I interpreted it as you saying "Nothing in the bible has corroborating evidence". Not "the bible is not evidence for anything".

The bible mentions the sun and we have corroborating evidence that the sun does indeed exist. The bible's mention of the sun alone isn't evidence for it's existence.

That said, the bible does provide some soft evidence. Like I mentioned, the fact that Jesus probably existed isn't in that the bible says he existed, but rather the fact that the bible makes errors in his history likely to cover up well known facts about him at the time.

An example of 2 figures that likely didn't exist in the bible are Moses and Abraham.



> but rather the fact that the bible makes errors in his history likely to cover up well known facts about him at the time.

Out of curiosity what errors are you referring to?



why hold a specific set of writings to a different standard than other books from the same area and timeframe? all texts hold a non-zero evidential value regardless to how people treat those texts outside of academic processes. you don´t take them at face value of course but neither other texts.
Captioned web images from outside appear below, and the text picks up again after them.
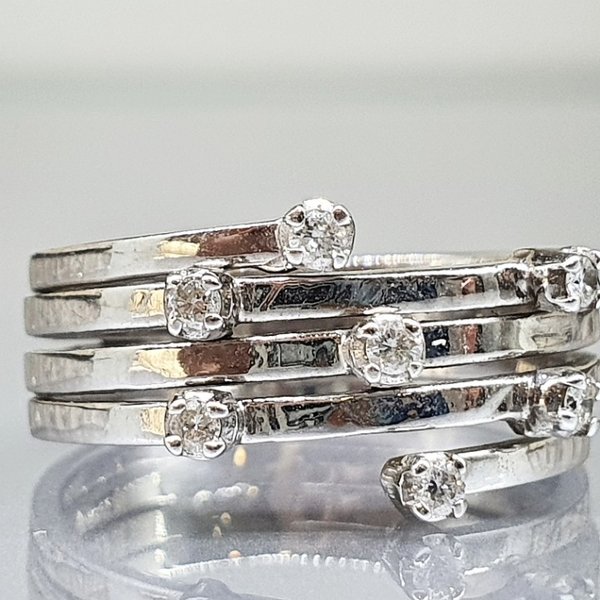 https://ekszeraukcio-ng-production-product.s3.eu-central-1.amazonaws.com/ba16c952-5ff0-4b14-81a7-14a97487ab25_thumbnail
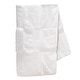 preview thumbnail 2 of 6, Lambs & Ivy Signature Patchwork Tiger/Diamond 4-Piece Crib Bedding Set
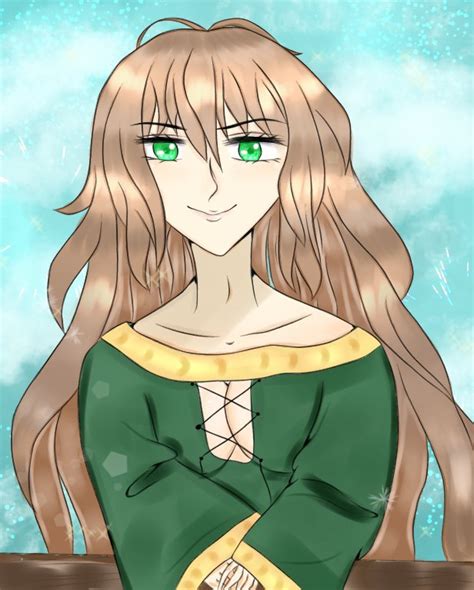 Fate Guinevere CE OC | Fate Grand Order Amino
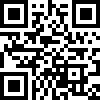 https://fa.abna24.com/xkskV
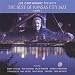 Joe Cartwright Presents the Best of Kansas City Jazz Volume 1 en Descargas MP3 con el nombre: 51a71iC9r4L._SL75_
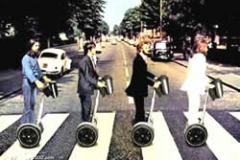 segway_mit_beatles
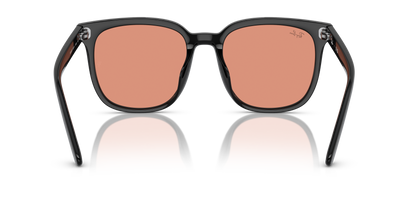 RAY-BAN RB4401D 601/74 57 - 19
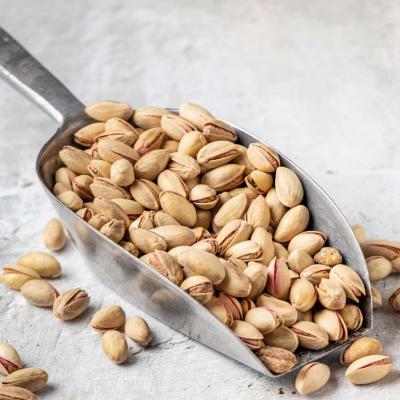 Φυστίκι Αιγινης Ωμο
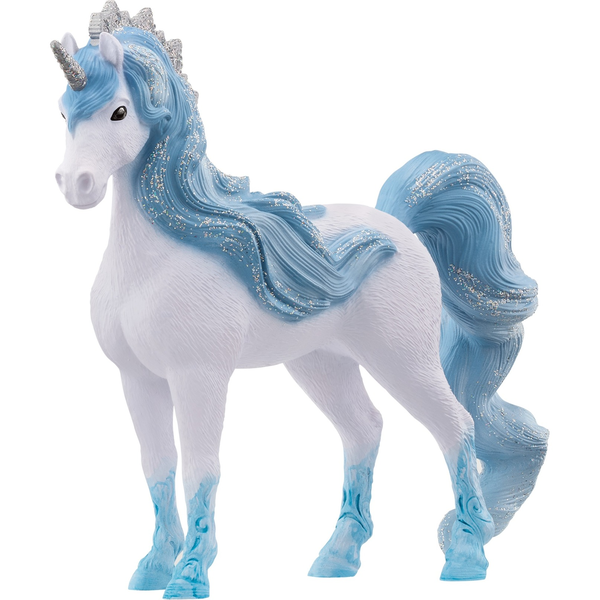 schleich BAYALA 70823 gyermek játékfigura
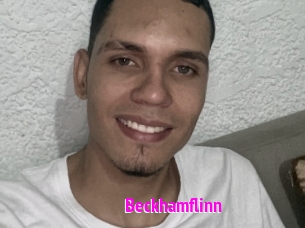 beckhamflinn Porn Loverz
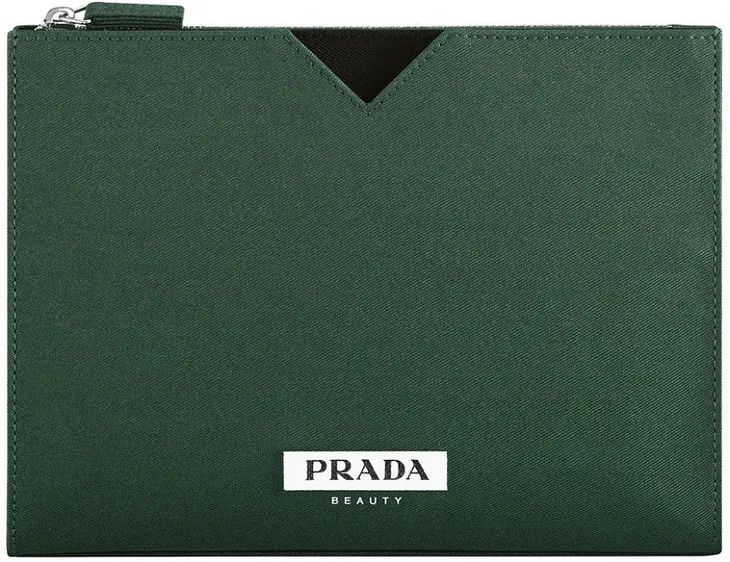kosmetyczka-prada-zielona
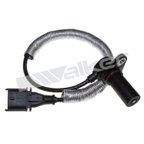 Walker 235-1132 Engine Crankshaft Position Sensor - view 1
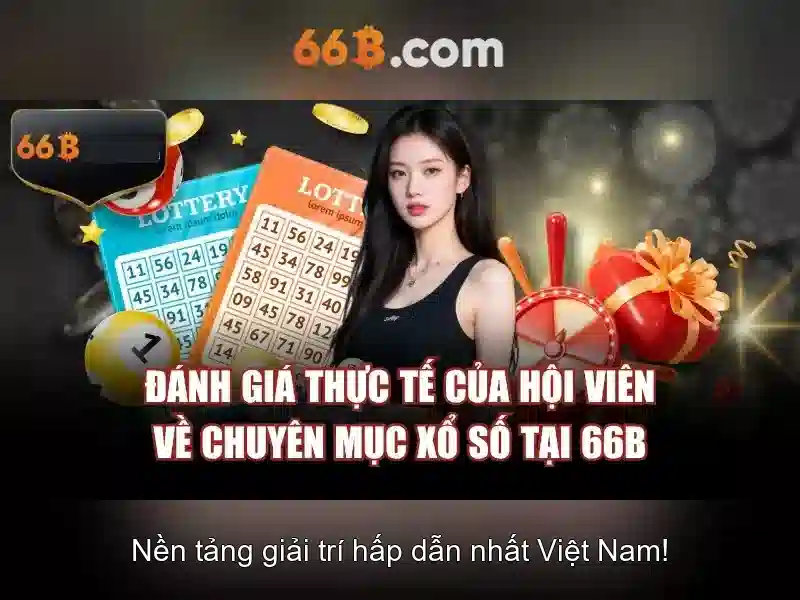 Kinh Nghiệm Đăng Nhập Slot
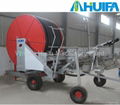 Hot-Selling Hose Reel Irrigation System 1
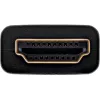 InLine® sertifikuotas HDMI laidas, Ultra High Speed HDMI, 8K4K, 1,5 m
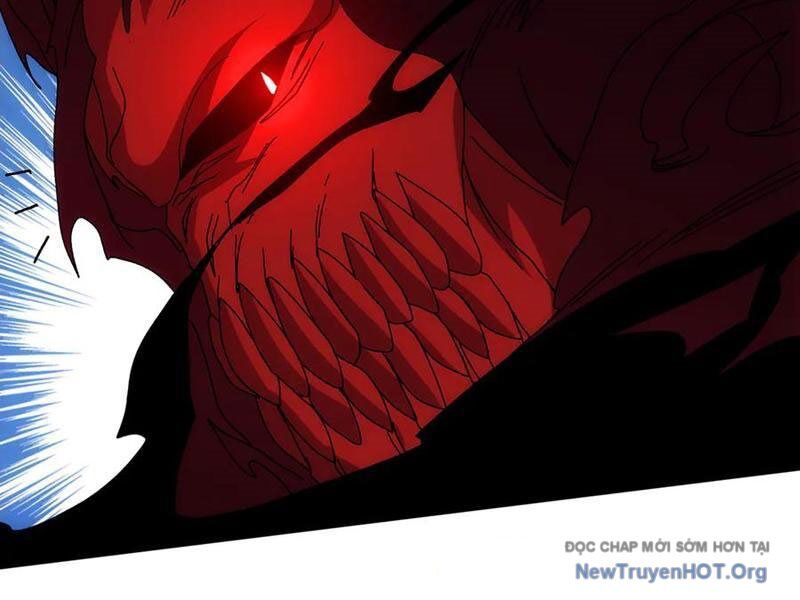 Bắt Đầu Kế Nhiệm Boss Hắc Long, Ta Vô Địch Chap 69 - Next Chap 70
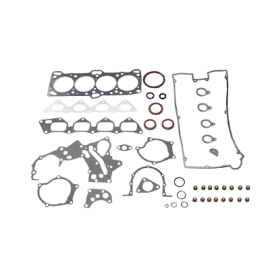 TAKIM CONTA HYUNDAI ELANTRA 1.6 90-95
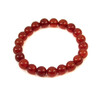 Exclusive Carnelian bracelet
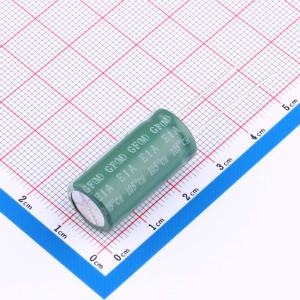 EGF337M2AI25RR商品缩略图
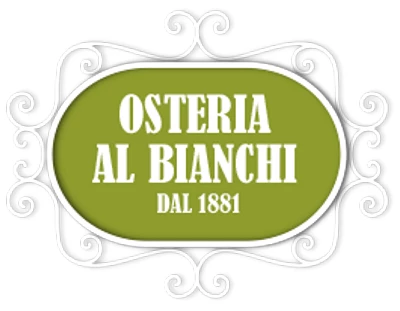 TRATTORIA STORICA BRESCIA CENTRO  OSTERIA AL BIANCHI BRESCIA - 1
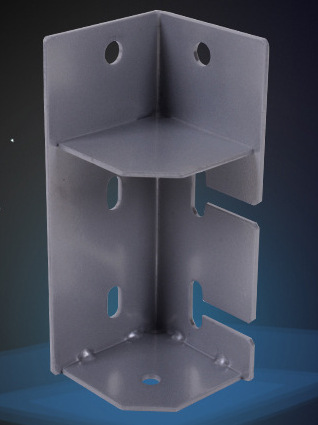 655d612cc305e.jpg 655d612cc305e.jpg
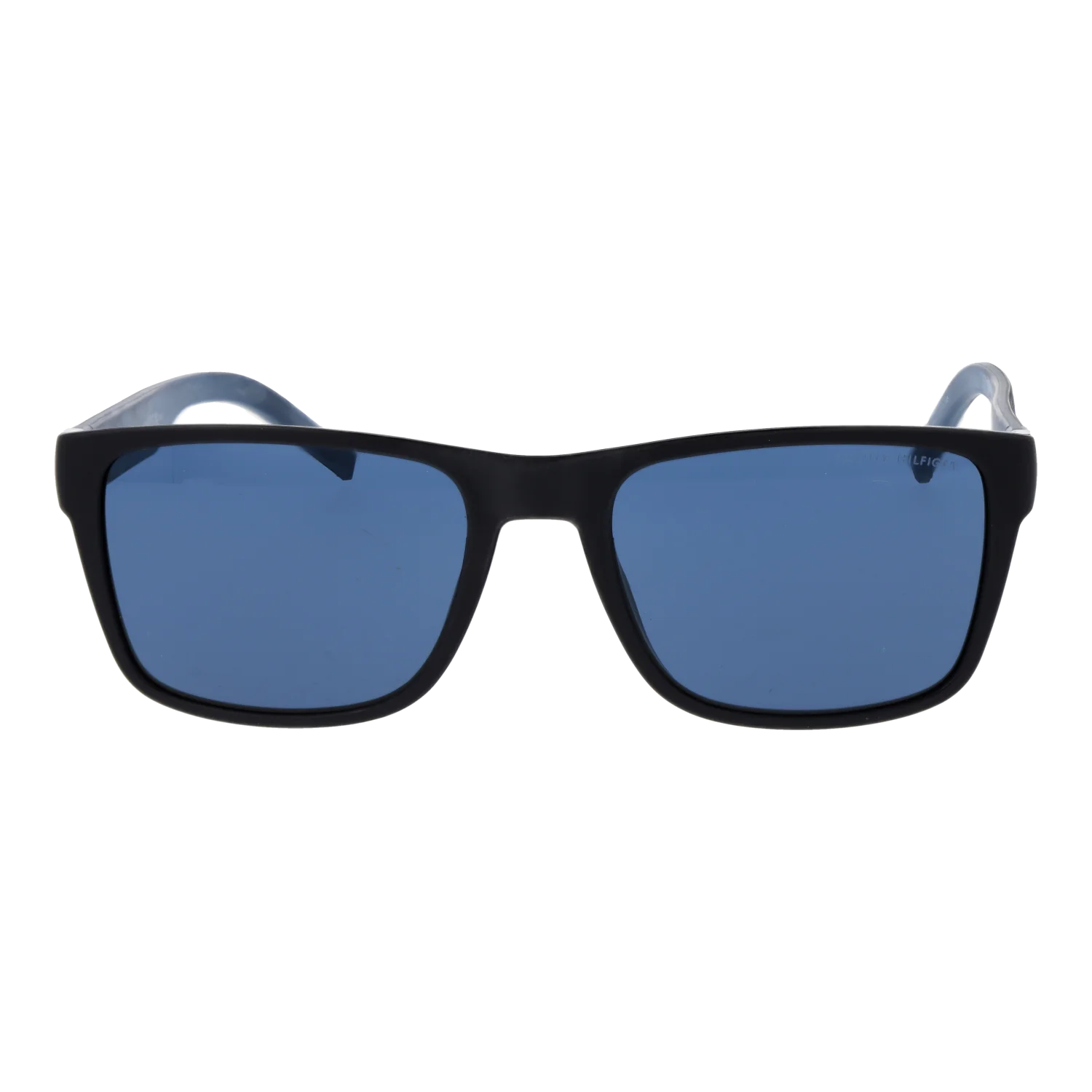 Tommy Hilfiger Sonnenbrille TH 2375/S PJPKU 56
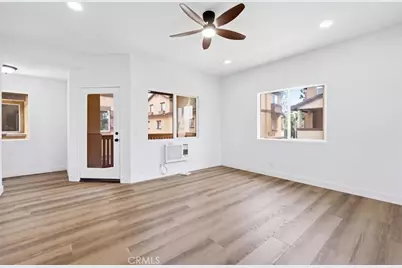511 N Lark Ellen #E, Covina, CA 91722 - Photo 15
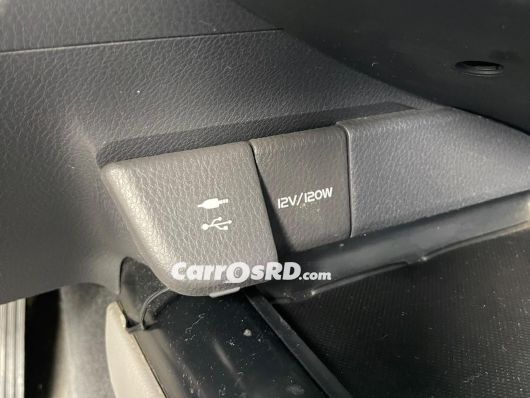 Toyota Camry Carros en venta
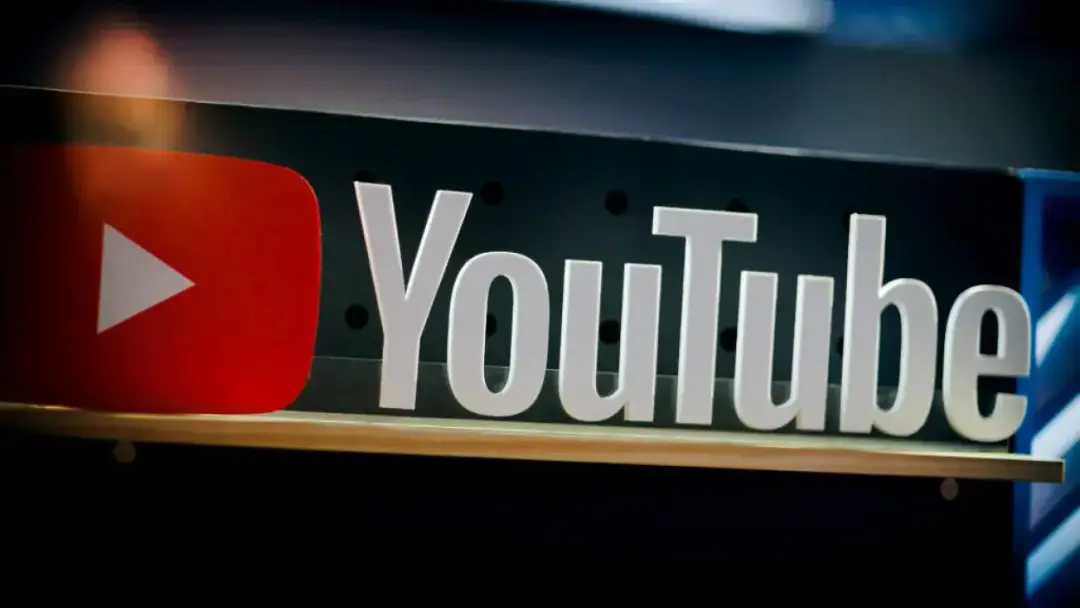youtube ad blocker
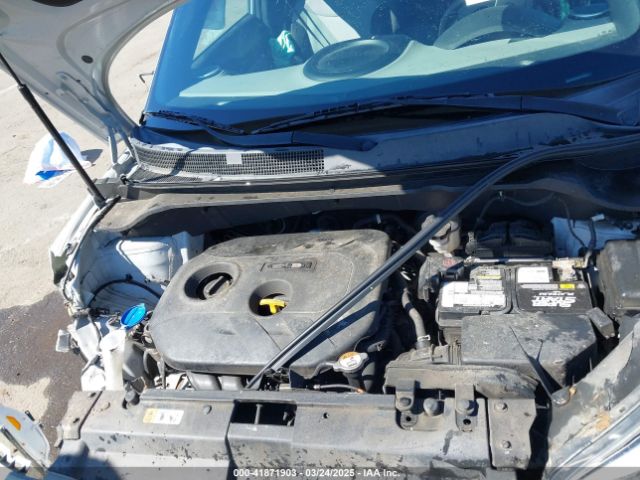 KNDJP3A58G7818461 KIA SOUL +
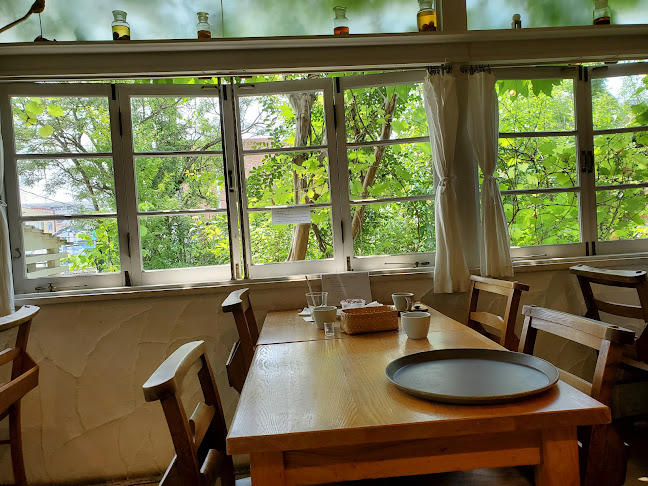 〒630-8113 奈良県奈良市法蓮町５６７−１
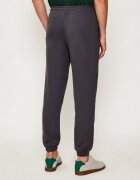 Calvin Klein Underwear Pantaloni de trening | regular fit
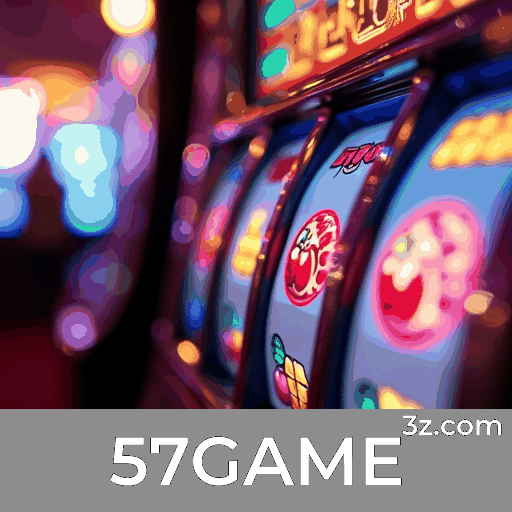 57GAME Casino: Programa VIP Exclusivo e Luxuoso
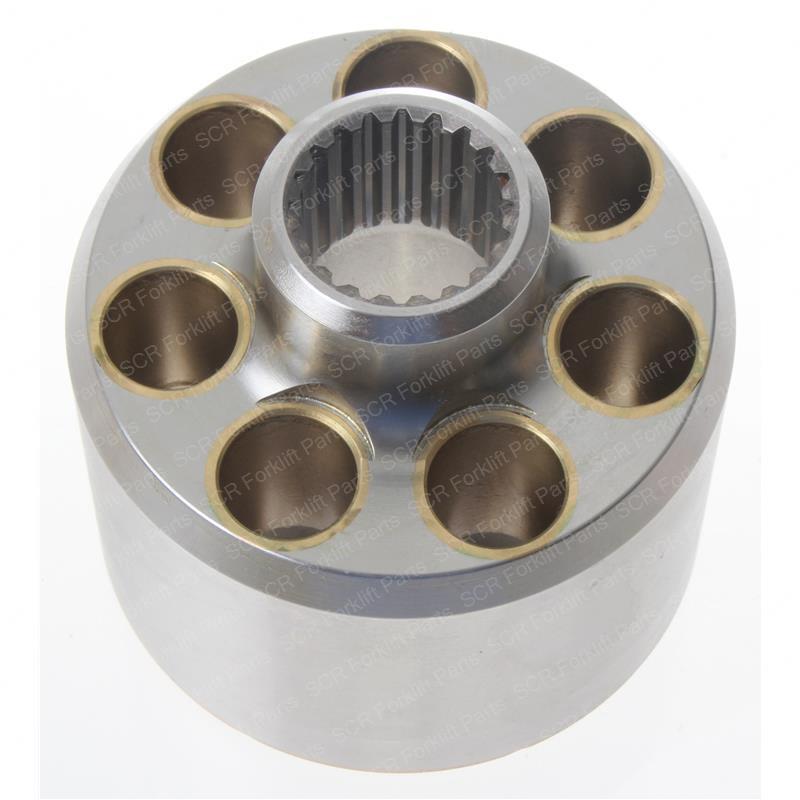 CYLINDER BLOCK ASSEMBLY LI2913200806 li2913200806 product image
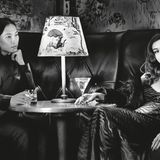 Gigi Hadid - Alexander Wang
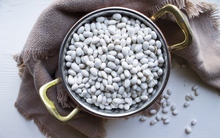 Một loại hạt có tên lạ, là “thần dược” hạ đường huyết, giảm mỡ máu: Người Mỹ cực chuộng, sẵn bán ở Việt Nam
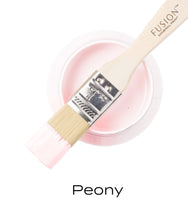 Load image into Gallery viewer, Fusion™ Mineral Paint﻿ | Peony - Prairie Revival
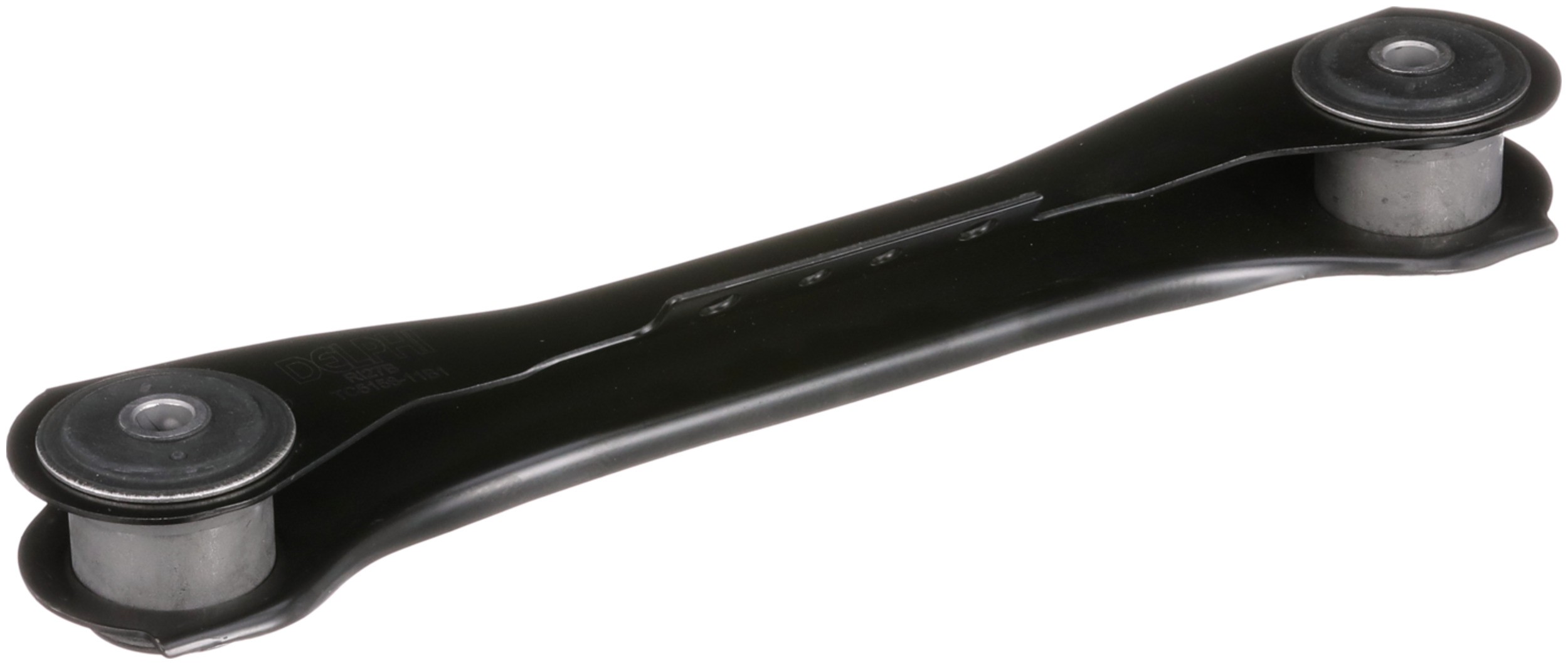 Delphi TC5158 Suspension Control Arm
> why hold a specific set of writings to a different standard than other books from the same area and timeframe?

I don't? I know more about the bible than other writings at the time just because of upbringing/curiosity but I don't particularly hold it in high regard.

> all texts hold a non-zero evidential value regardless to how people treat those texts outside of academic processes. you don´t take them at face value of course but neither other texts.

I agree. How strong the evidence for a writing will is will be based on corroborating evidence and other writings.